New Delhi: State-owned Corporation Bank on Wednesday said it has got shareholders’ nod for raising up to Rs3,500 crore through share sale.
The lender’s annual general meeting (AGM) “approved raising of capital of the bank by way of issuance of fresh shares and/or issuance of additional Tier I or Tier II capital as per Basel III guidelines to the extent of Rs3,500 crore," Corporation Bank said in a regulatory filing to stock exchanges.
For the fourth quarter ended March 2017, Corporation Bank posted a profit of Rs159.98 crore even though bad loans rose. In contrast, the bank had a net loss of Rs510.9 crore in the January-March quarter of 2015-16.
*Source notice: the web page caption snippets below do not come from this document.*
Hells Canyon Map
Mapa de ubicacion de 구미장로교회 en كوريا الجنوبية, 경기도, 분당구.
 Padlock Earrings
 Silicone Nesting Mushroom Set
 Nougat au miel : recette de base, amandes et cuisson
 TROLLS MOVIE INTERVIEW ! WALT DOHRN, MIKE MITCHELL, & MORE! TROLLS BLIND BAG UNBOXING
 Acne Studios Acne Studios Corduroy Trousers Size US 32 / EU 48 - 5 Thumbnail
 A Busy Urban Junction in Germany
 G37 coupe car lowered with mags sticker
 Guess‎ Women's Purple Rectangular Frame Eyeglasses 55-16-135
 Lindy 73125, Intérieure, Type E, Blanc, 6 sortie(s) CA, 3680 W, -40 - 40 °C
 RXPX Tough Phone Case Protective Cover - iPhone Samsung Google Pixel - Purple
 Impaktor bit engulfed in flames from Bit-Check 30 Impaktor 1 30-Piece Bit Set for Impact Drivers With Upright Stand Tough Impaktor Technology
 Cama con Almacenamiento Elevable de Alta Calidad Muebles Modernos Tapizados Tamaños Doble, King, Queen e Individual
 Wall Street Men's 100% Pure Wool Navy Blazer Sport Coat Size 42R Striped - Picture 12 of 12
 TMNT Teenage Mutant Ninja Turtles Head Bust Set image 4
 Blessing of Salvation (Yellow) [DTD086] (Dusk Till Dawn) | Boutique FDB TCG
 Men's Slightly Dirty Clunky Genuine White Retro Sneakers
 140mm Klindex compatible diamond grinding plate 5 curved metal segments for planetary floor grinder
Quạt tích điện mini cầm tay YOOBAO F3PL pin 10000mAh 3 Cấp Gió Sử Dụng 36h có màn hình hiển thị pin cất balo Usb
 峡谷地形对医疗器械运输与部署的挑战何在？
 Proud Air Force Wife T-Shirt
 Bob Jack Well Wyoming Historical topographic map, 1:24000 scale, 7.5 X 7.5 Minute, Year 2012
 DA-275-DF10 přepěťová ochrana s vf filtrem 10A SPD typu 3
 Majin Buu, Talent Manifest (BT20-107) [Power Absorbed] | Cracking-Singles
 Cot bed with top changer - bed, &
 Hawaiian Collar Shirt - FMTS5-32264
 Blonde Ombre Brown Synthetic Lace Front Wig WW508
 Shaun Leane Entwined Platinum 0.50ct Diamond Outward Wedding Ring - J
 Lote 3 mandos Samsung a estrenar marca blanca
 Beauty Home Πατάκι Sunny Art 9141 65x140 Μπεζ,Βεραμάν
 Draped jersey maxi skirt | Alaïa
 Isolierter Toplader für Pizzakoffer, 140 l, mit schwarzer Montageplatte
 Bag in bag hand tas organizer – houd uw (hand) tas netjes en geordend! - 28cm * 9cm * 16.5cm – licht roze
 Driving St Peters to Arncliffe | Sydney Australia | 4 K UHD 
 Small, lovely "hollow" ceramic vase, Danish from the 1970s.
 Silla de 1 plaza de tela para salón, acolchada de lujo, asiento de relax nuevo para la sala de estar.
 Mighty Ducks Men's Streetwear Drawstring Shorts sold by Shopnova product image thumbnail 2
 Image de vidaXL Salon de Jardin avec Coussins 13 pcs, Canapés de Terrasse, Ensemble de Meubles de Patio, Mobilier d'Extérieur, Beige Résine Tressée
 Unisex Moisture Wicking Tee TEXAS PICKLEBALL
Gross NPAs as a percentage of total advances rose to 11.70% from 9.98% in the same quarter a year ago. Net NPAs also increased to 8.33% from 6.53% at the end of March 2015.
The bank had earlier said the fund will be raised either through allotment of equity shares on preferential basis or follow on public issue, rights issue, qualified institutional placement (QIP) or by way of additional tier-I or tier-II bonds or debt issue.
The bank had said it will determine the issue price at an appropriate time. The approval comes amid a flurry of similar deals in the banking space, which has seen SBI raise the largest QIP at over Rs15,000 crore, Kotak Mahindra Bank raising over Rs5,500 crore and Yes Bank’s Rs4,900 crore issue.